Updated by zecke over 7 years ago

https://gcc.gnu.org/onlinedocs/gcc-6.2.0/gcc/Common-Function-Attributes.html#Common-Function-Attributes http://pasky.or.cz/dev/glibc/ifunc.c seems to be the right way forward. ifunc used to have issues on ARM (and MIPS?) but I think they were resolved years ago.

The idea is that you provide a dispatch function with "ifunc" and it returns the function to use from then. E.g. check if SSE is present and then move around. In terms of unit testing one would need to be able to test all versions of it. An example is here: http://pasky.or.cz/dev/glibc/ifunc.c

Actions #4

Updated by neels over 7 years ago

A quick workaround could be:
./configure --without-sse

The osmo-trx build has a number of SSE levels it checks for, and also two more CPU features: MMX and AVX.
This obviously makes no sense when building for another CPU, either.

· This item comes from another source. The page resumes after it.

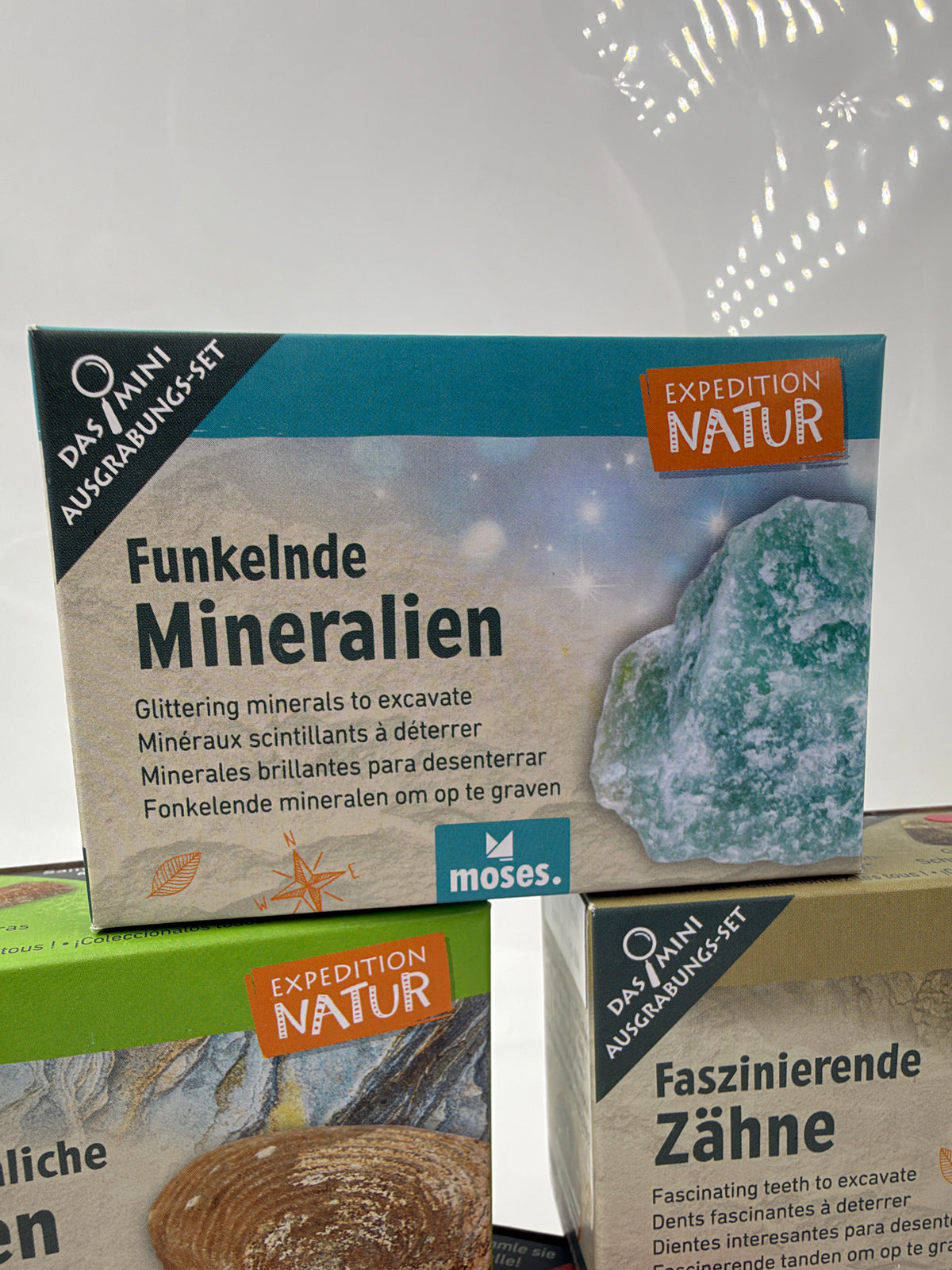Mini-Ausgrabungsset mit Holzmeißel, Pinsel und Sammelkarte zum Entdecken von Fossilien, Mineralien und weiteren Fundstücken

checking whether mmx is supported... yes
checking whether sse is supported... yes
checking whether sse2 is supported... yes
checking whether sse3 is supported... yes
checking whether ssse3 is supported... yes
checking whether sse4.1 is supported... yes
checking whether sse4.2 is supported... yes
checking whether avx is supported by processor... yes
checking for x86-AVX xgetbv 0x00000000 output... 7:0
checking whether avx is supported by operating system... yes
checking whether C compiler accepts -mmmx... yes
checking whether C compiler accepts -msse... yes
checking whether C compiler accepts -msse2... yes
checking whether C compiler accepts -msse3... yes
checking whether C compiler accepts -mssse3... yes
checking whether C compiler accepts -msse4.1... yes
checking whether C compiler accepts -msse4.2... yes
checking whether C compiler accepts -mavx... yes

ifunc looks like a nifty way forward, but it's hard to grok.
At first the example there looks like twice the same function... is the
attribute there like passing an -msse option for just one function?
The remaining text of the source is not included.